▶ **WHAT YOU HAVE TO DO**: Restate the records that follow. Every word must match.

▶ **EXTRACTED ENTRIES**:
·····

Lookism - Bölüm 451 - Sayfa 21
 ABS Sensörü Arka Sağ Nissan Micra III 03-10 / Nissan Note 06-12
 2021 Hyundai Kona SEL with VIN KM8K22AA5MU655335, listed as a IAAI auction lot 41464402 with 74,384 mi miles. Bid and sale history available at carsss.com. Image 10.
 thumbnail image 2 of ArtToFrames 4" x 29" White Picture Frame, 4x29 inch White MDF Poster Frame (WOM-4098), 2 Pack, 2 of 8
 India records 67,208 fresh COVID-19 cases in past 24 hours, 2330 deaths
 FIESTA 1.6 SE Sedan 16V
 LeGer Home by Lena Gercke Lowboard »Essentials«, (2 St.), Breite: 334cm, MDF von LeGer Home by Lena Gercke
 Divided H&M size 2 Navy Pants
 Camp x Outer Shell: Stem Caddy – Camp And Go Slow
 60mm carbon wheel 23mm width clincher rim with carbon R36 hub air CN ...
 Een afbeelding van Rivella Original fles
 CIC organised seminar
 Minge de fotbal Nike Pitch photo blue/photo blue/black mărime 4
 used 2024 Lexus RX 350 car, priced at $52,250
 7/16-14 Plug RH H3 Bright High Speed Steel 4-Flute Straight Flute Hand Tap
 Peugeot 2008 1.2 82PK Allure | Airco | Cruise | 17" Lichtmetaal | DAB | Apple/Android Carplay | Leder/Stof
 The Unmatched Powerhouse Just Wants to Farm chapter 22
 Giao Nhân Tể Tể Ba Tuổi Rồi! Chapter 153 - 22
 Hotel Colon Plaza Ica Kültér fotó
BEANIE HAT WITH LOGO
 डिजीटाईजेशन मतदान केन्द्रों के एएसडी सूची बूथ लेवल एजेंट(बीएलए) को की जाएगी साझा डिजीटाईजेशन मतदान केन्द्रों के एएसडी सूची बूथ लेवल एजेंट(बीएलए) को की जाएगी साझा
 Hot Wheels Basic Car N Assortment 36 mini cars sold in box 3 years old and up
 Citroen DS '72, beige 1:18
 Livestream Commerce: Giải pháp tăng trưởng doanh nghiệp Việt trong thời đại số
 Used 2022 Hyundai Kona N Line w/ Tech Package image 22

·····

▶ **RESULT OF THIS TASK**:
Lookism - Bölüm 451 - Sayfa 21
 ABS Sensörü Arka Sağ Nissan Micra III 03-10 / Nissan Note 06-12
 2021 Hyundai Kona SEL with VIN KM8K22AA5MU655335, listed as a IAAI auction lot 41464402 with 74,384 mi miles. Bid and sale history available at carsss.com. Image 10.
 thumbnail image 2 of ArtToFrames 4" x 29" White Picture Frame, 4x29 inch White MDF Poster Frame (WOM-4098), 2 Pack, 2 of 8
 India records 67,208 fresh COVID-19 cases in past 24 hours, 2330 deaths
 FIESTA 1.6 SE Sedan 16V
 LeGer Home by Lena Gercke Lowboard »Essentials«, (2 St.), Breite: 334cm, MDF von LeGer Home by Lena Gercke
 Divided H&M size 2 Navy Pants
 Camp x Outer Shell: Stem Caddy – Camp And Go Slow
 60mm carbon wheel 23mm width clincher rim with carbon R36 hub air CN ...
 Een afbeelding van Rivella Original fles
 CIC organised seminar
 Minge de fotbal Nike Pitch photo blue/photo blue/black mărime 4
 used 2024 Lexus RX 350 car, priced at $52,250
 7/16-14 Plug RH H3 Bright High Speed Steel 4-Flute Straight Flute Hand Tap
 Peugeot 2008 1.2 82PK Allure | Airco | Cruise | 17" Lichtmetaal | DAB | Apple/Android Carplay | Leder/Stof
 The Unmatched Powerhouse Just Wants to Farm chapter 22
 Giao Nhân Tể Tể Ba Tuổi Rồi! Chapter 153 - 22
 Hotel Colon Plaza Ica Kültér fotó
BEANIE HAT WITH LOGO
 डिजीटाईजेशन मतदान केन्द्रों के एएसडी सूची बूथ लेवल एजेंट(बीएलए) को की जाएगी साझा डिजीटाईजेशन मतदान केन्द्रों के एएसडी सूची बूथ लेवल एजेंट(बीएलए) को की जाएगी साझा
 Hot Wheels Basic Car N Assortment 36 mini cars sold in box 3 years old and up
 Citroen DS '72, beige 1:18
 Livestream Commerce: Giải pháp tăng trưởng doanh nghiệp Việt trong thời đại số
 Used 2022 Hyundai Kona N Line w/ Tech Package image 22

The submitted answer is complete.